Esse cenário se reproduz também em âmbito internacional, a partir do momento que há o processo imperialista de exploração e condicionamento dependente dos países da periferia do mundo. A desindustrialização, as sanções econômicas, os boicotes e os monopólios dos grandes conglomerados empresariais retiram a capacidade produtiva e o poder econômico dos países, levando assim também, a capacidade de propiciar segurança e os direitos básicos da população local. Nesse cenário vulnerável, a população foge ao ter a sua sobrevivência ameaçada por conflitos, invasões ou pela instabilidade econômica e social.
Trabalhadores em busca da sua sobrevivência se mudam entre campo e cidade, entre regiões e países diferentes. A permanência e a mobilidade estão relacionadas à capacidade do trabalhador de vender a sua força de trabalho e do valor atribuído ao seu trabalho naquela conjuntura social e econômica, assim como a garantia do acesso aos direitos básicos para a vida digna. Este fenômeno não é exclusivo de momentos históricos como a Revolução Industrial, mas se repete tal como as crises do capitalismo são cíclicas, atingindo diferentes setores sociais e econômicos. Migrar é sobretudo um direito exercido historicamente pela humanidade que se viu cerceado com o agravamento da institucionalidade do Estado Burguês a partir de políticas chauvinistas, estabelecendo o não nacional como ameaça aos seus interesses [1].

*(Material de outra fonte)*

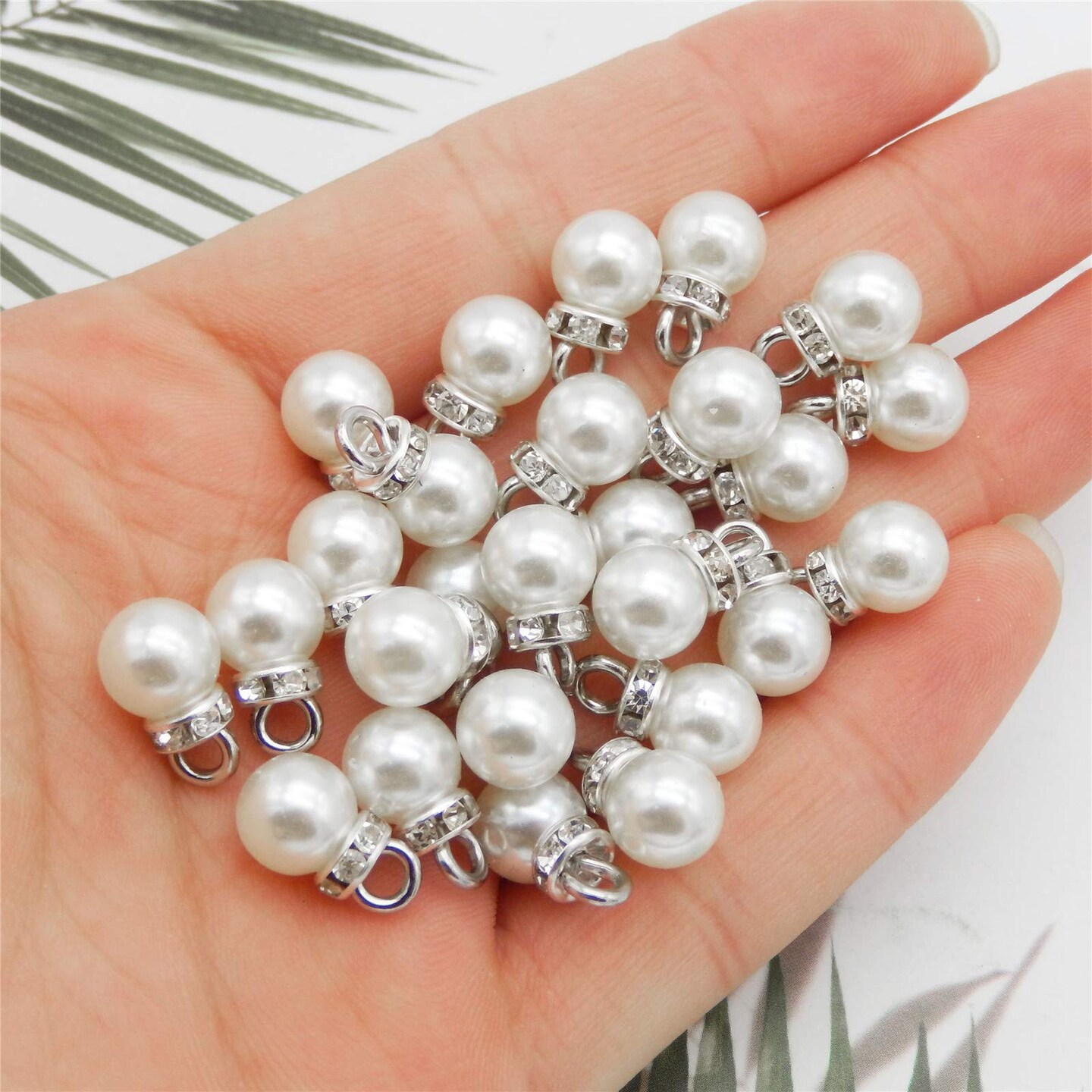 100 Pieces 8mm White Imitation Pearl Charms Pendants Faux Pearl Beads Charms with Rhinestone for Dangle Earrings Necklace Jewelry Making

A chegada daqueles considerados indesejáveis aumenta a carga de responsabilidade social do Estado, forçando o Estado a enfrentar os interesses de acumulação de capital da burguesia visto que a classe trabalhadora aumenta ainda mais seu contingente e suas demandas, e muda a balança do poder político com a vinda de uma comunidade com identidade, cultura e demandas potencialmente distintas daquelas já dominantes. O sujeito migrante na grande maioria das vezes é o sujeito vulnerável às condições sociais e econômicas do seu local e tempo, e que não possui alternativas para permanecer dignamente no seu lugar de origem. São trabalhadoras e trabalhadores que pertencem a grupos sociais marginalizados e que no novo ambiente se marginalizam novamente, ocupando zonas periféricas e sofrendo discriminação por sua condição de estrangeiro e trabalhador, quando não por outras características como raça, religião e idioma. Não somente, em outro aspecto é preciso lembrar políticas migratórias racistas fazem parte da nossa história, vide o incentivo da vinda de imigrantes italianos, alemães e japoneses pelo governo imperial brasileiro, e também durante a república, em detrimento da mão de obra escravizada negra e indígena que fora liberta e marginalizada, num processo de tráfico humano que durou séculos [2].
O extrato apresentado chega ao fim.